> _WORKING DATA_
____

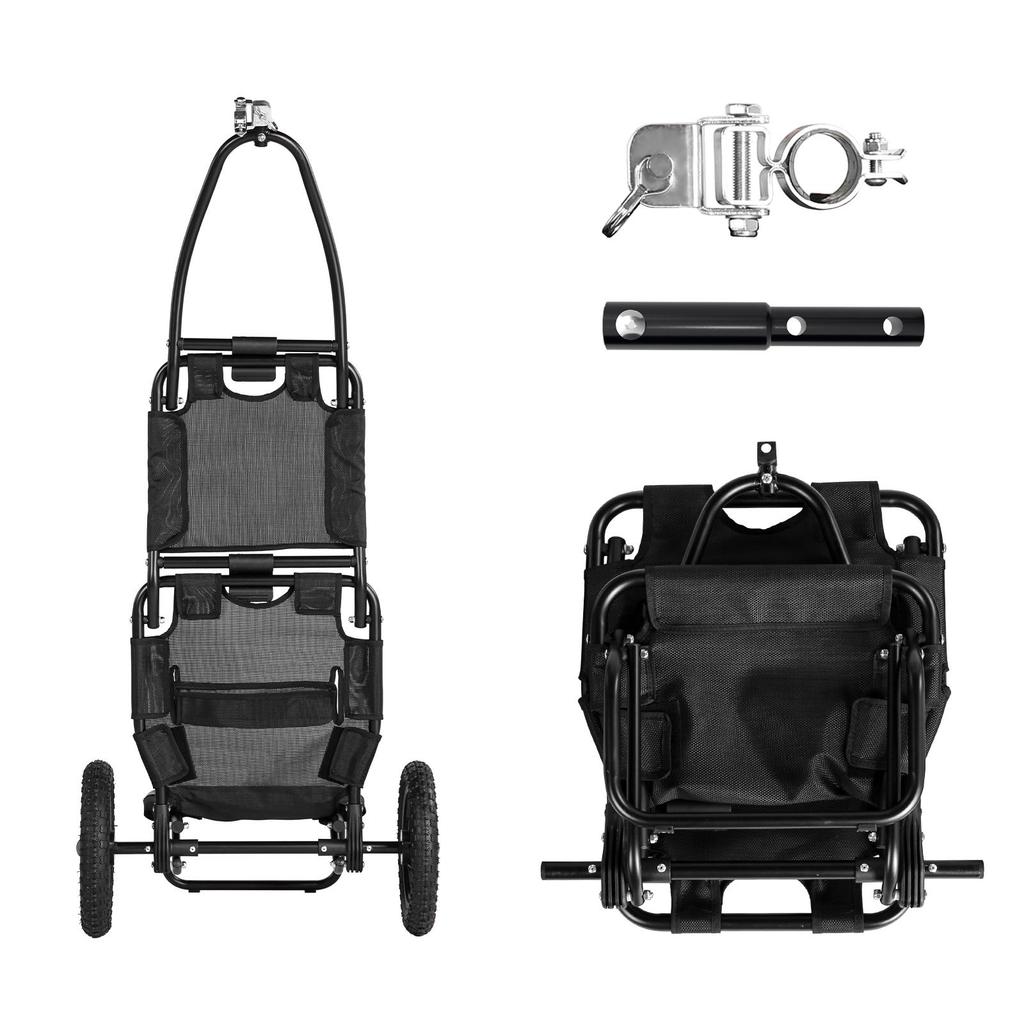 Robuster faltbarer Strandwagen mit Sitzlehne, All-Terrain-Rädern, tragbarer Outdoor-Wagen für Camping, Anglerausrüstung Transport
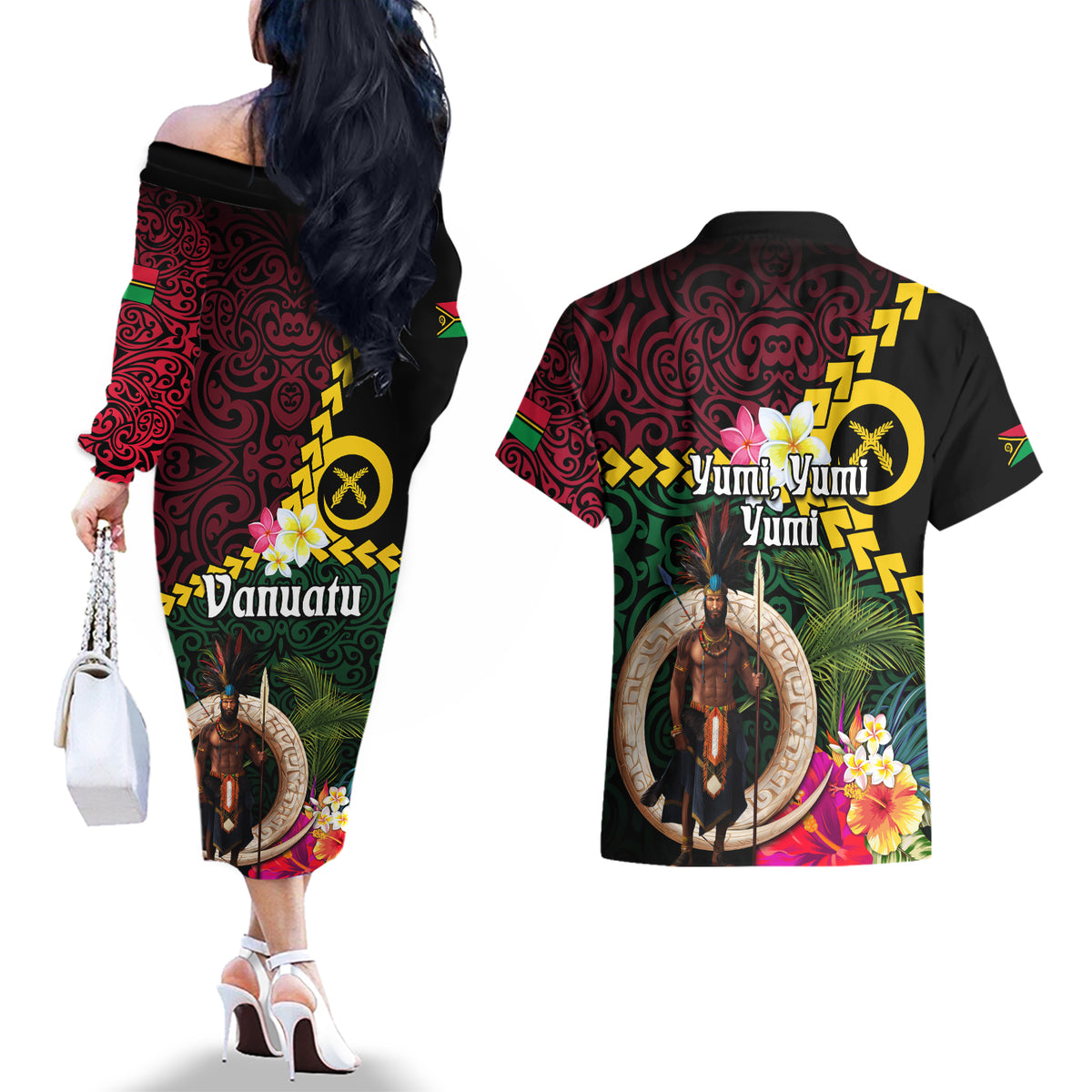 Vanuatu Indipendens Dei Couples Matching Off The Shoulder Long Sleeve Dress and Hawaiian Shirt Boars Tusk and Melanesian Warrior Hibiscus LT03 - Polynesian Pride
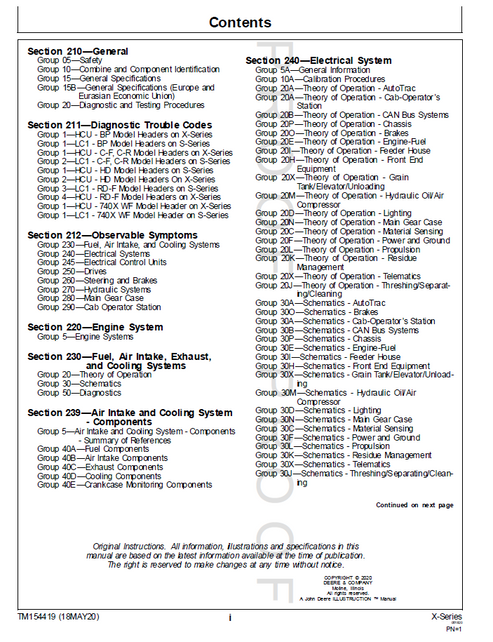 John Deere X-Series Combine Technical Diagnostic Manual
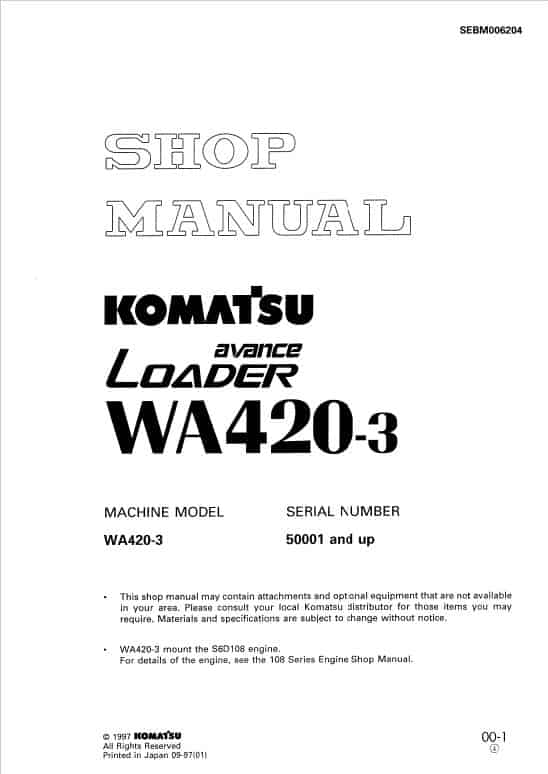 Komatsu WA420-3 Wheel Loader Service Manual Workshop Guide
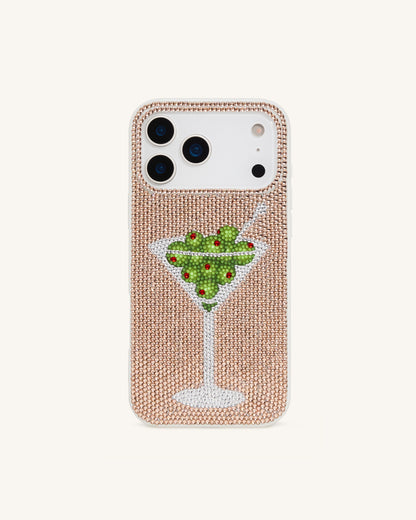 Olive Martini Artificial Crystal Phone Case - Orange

____

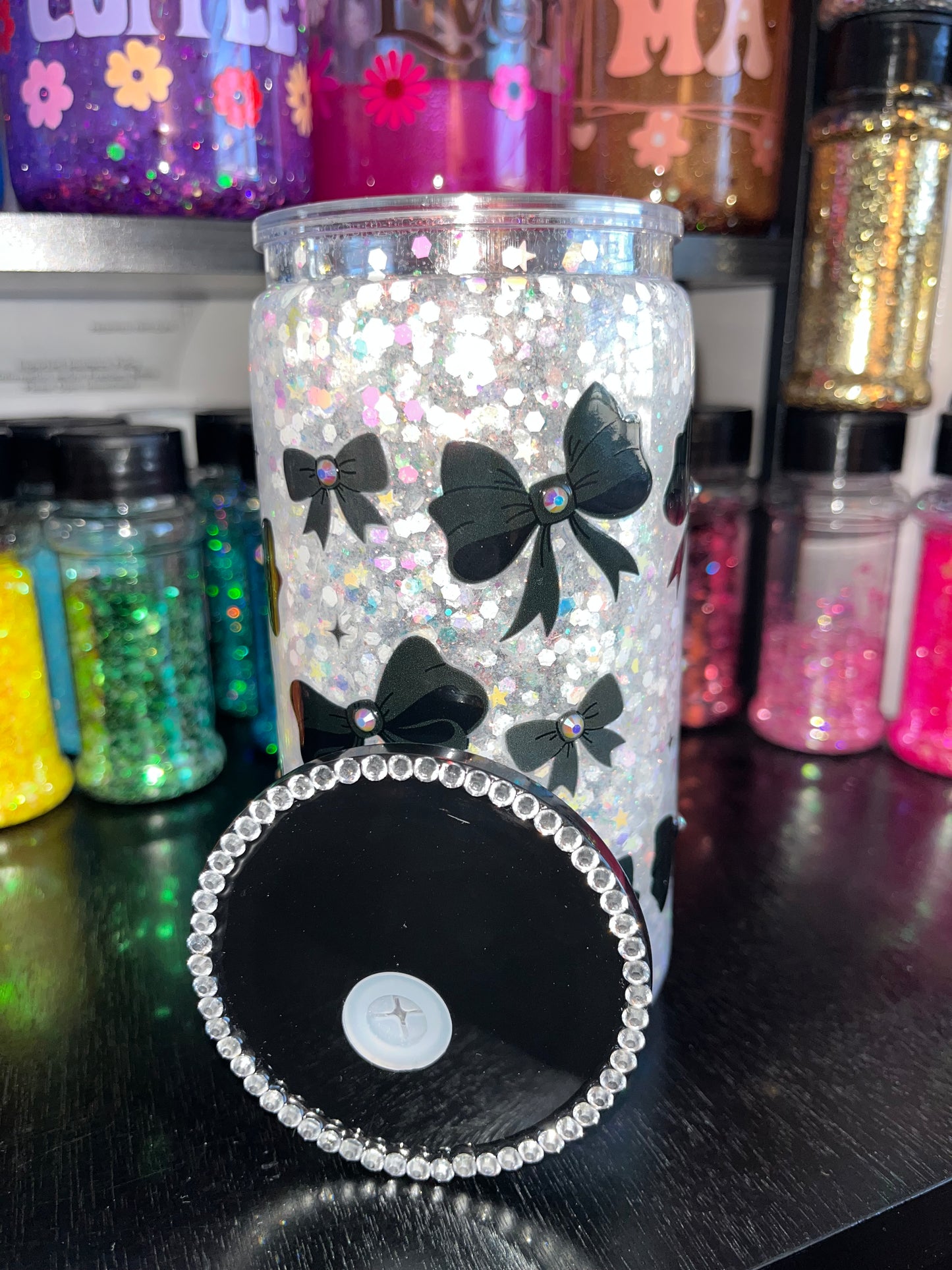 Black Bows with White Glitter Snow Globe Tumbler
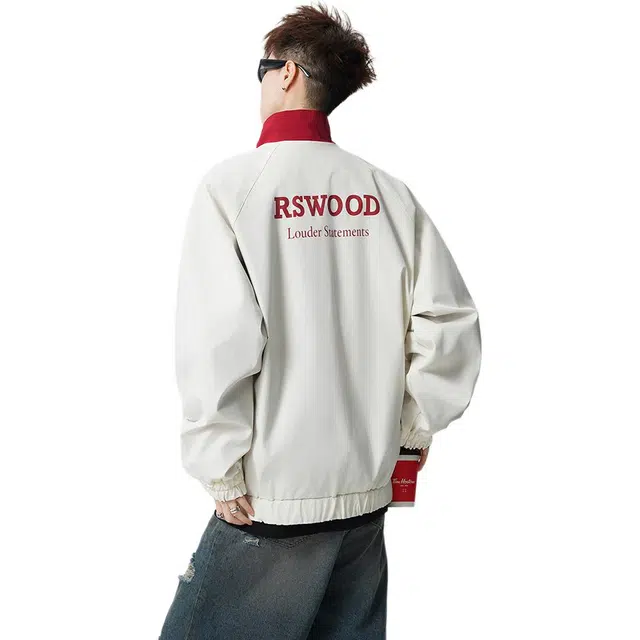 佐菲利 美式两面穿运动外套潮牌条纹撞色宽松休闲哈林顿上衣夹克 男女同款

____

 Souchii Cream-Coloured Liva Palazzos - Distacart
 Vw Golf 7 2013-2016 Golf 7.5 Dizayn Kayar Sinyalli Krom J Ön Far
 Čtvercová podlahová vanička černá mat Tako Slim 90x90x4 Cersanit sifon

____

> _WORK ORDER_
Range to copy from the listing above: the line with "John Deere X-Series" through the line with "Olive Martini Artificial". Transcribe it exactly and skip the pictures.

> _RESPONSE AREA_
 John Deere X-Series Combine Technical Diagnostic Manual
 Komatsu WA420-3 Wheel Loader Service Manual Workshop Guide
 Olive Martini Artificial Crystal Phone Case - Orange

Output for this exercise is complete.